▶ _TASK ITEM_
Every line below from the one with "Роз'єм USB/AUX. OE: 5G0035222E;" through the one with "Used 2016 Ford" should be retyped exactly, both ends included; no other lines and no pictures.

▶ _THE INPUT_
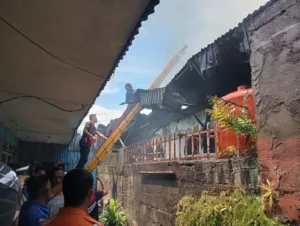 Asap Hitam Membumbung, 4 Rumah di Koto Tinggi Sungai Penuh Terbakar Hebat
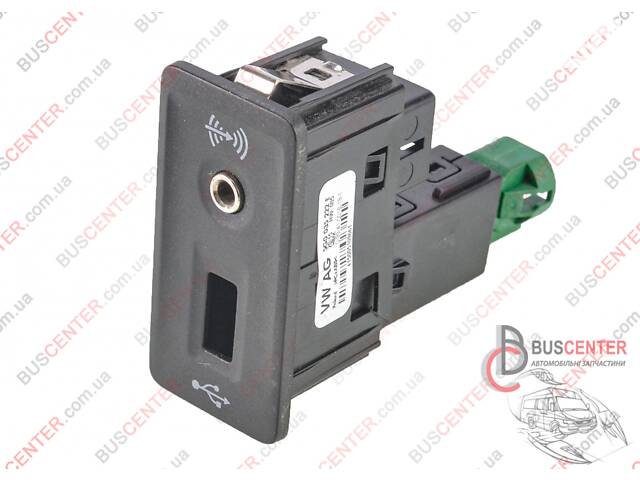 Роз'єм USB/AUX. OE: 5G0035222E;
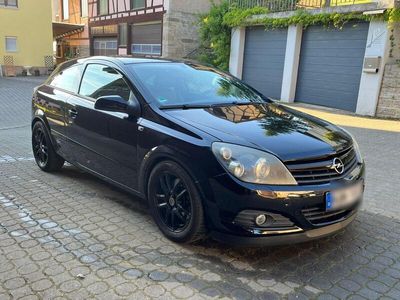 Opel Astra GTC
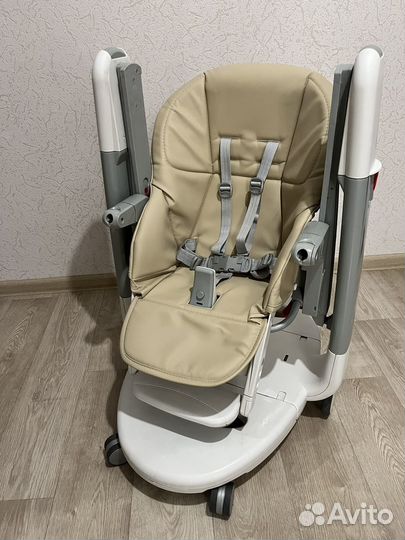 Детский стул для кормления-качеля peg perego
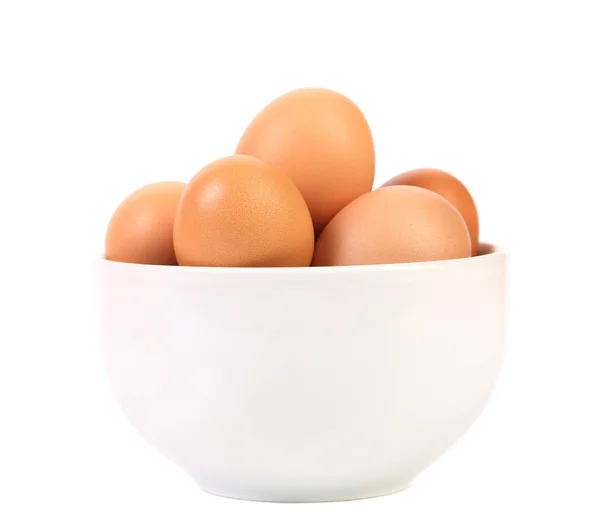 Kahverengi yumurta ile kase — Stok fotoğraf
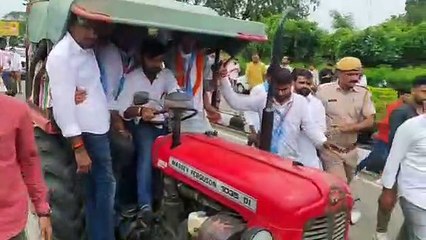 Student Union Election 2022: रितु ने गणपति से आशीर्वाद लिया, फिर ट्रैक्टर में बैठ शुरू किया कैम्पेन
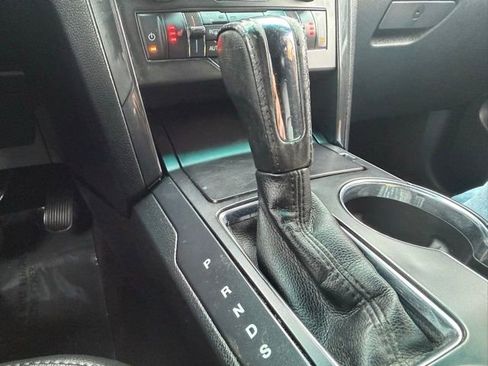 Used 2016 Ford Explorer XLT w/ Equipment Group 202A image 30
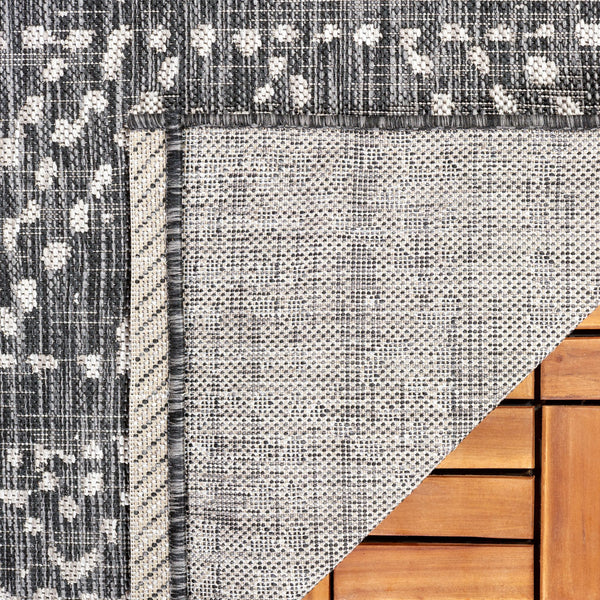 Safavieh Courtyard Indoor/Outdoor Area Rug - Timeless Geometric Patterns In Red And Beige For Any Space Navy ,Grey 88% Polypropylene,12% Polyester Cy8079-36821-6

▶ _TASK RESPONSE_
 Роз'єм USB/AUX. OE: 5G0035222E;
 Opel Astra GTC
 Детский стул для кормления-качеля peg perego
 Kahverengi yumurta ile kase — Stok fotoğraf
 Student Union Election 2022: रितु ने गणपति से आशीर्वाद लिया, फिर ट्रैक्टर में बैठ शुरू किया कैम्पेन
 Used 2016 Ford Explorer XLT w/ Equipment Group 202A image 30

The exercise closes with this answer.